Becky gets dropped off by her mom, who has a date and needs to borrow the car. Rather than going inside, Becky decides to crawl GI Jane-style through the bushes to peer through the gym windows and spy on Lisa and Tim. Everything's peachy until she looks over, and discovers it's Russell, the boy with head lice. Becky finally gives him decent advice: everyone has to grow up at their own pace. Russell thanks her, then asks, if he can touch her breast, to which she calmly replies "No sweetie". With leaves from the bushes sticking out of her hair, Becky says some people think she doesn't have time for a life of her own. But now that her dad has run off, her mom needs her. Becky gets offered a ride home by the nerdish girl whose outfit matches hers. But just then she sees Lisa and Tim coming out of the gym. Becky runs away, trips, and falls spectacularly down behind a parked car. There, she crouches and hides as Lisa and Tim talk nearby. Lisa cries about how hard it is for her to be single, but Tim says she's not alone – he and Becky are single, too.  Lisa laughs that Becky's desperation is kind of pathetic. Tim proves that he's a truly awesome guy by saying he knows she can be awkward at times, but that's why he's so impressed. Becky's always so positive. The next day, Bruce is his usual snappish self about Becky's absence at the dance. She tells him she was there, helping out Russell. She dreamily looks out the window and, seeing Tim walking up to the school, sighs that she loves her job. It's like her car. Her whole life she wanted that car, and now she can't believe she's so lucky. Right about then, a taxi backs into said car in the parking lot.
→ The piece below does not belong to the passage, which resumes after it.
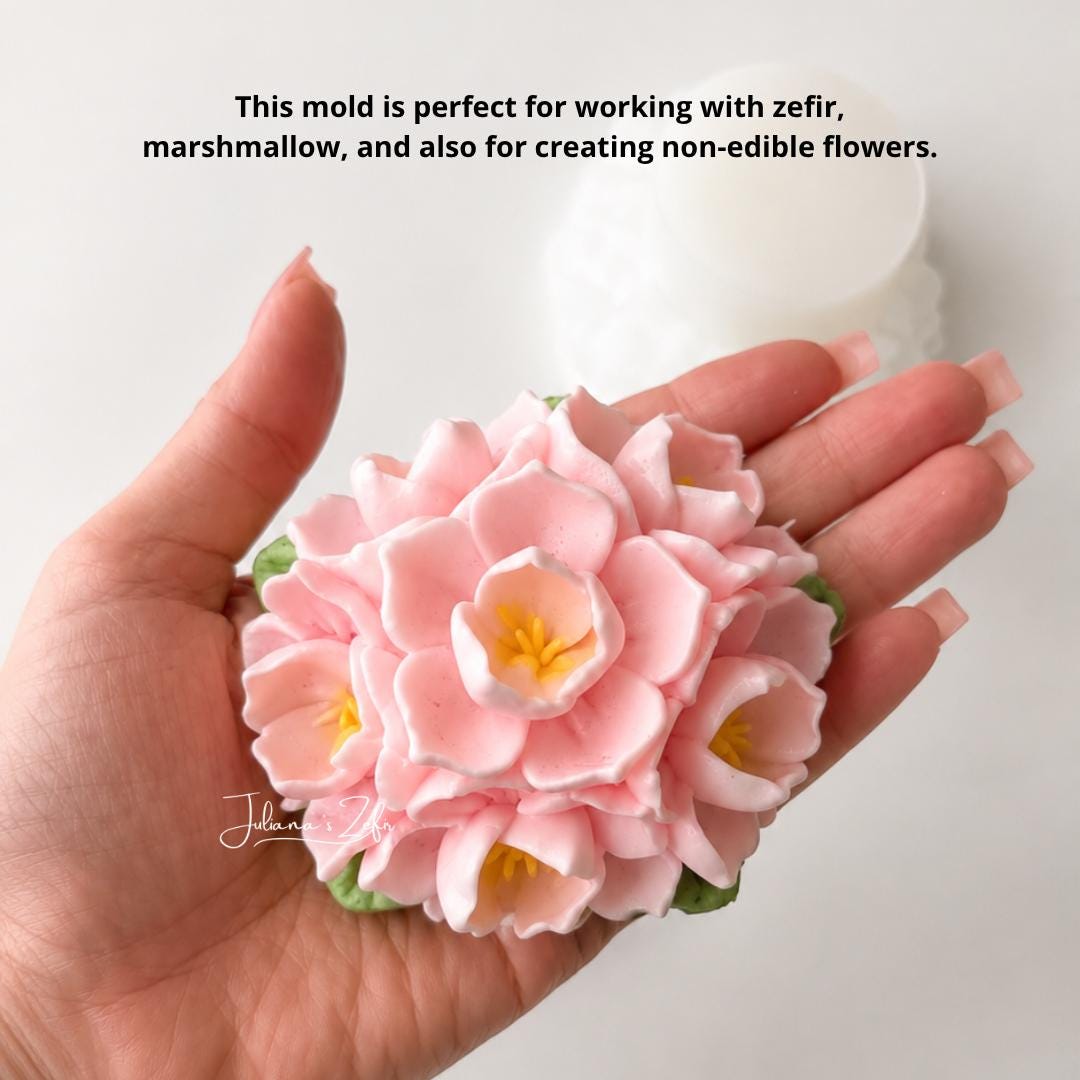 Pink Jasmine Soft Silicone Mold | food grade marshmallow zefir decorating tool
Becky takes a sip of tea, trying to suppress the nervous twitch I think she may be developing.

Cultural references
Becky dances to the tune of Push It by Salt N Pepa.
Becky and Ed the Wheelchair Man are the sole members of their Highschool Milli Vanilli club.

Critical reception
The show received a 63 out of 100 on Metacritic, indicating "generally favorable reviews", with the most positive review from Entertainment Weekly saying "MG is wonderfully absurd and the supporting cast is satisfyingly straight-faced" [21 Mar 2008, p. 53] while the most negative review from Variety, which said "Beyond Greer's latter-day Mary Tyler Moore shtick, there's not a note or character that doesn't feel warmed over."

Title reference
The title of the episode references many series titles which have "Homecoming".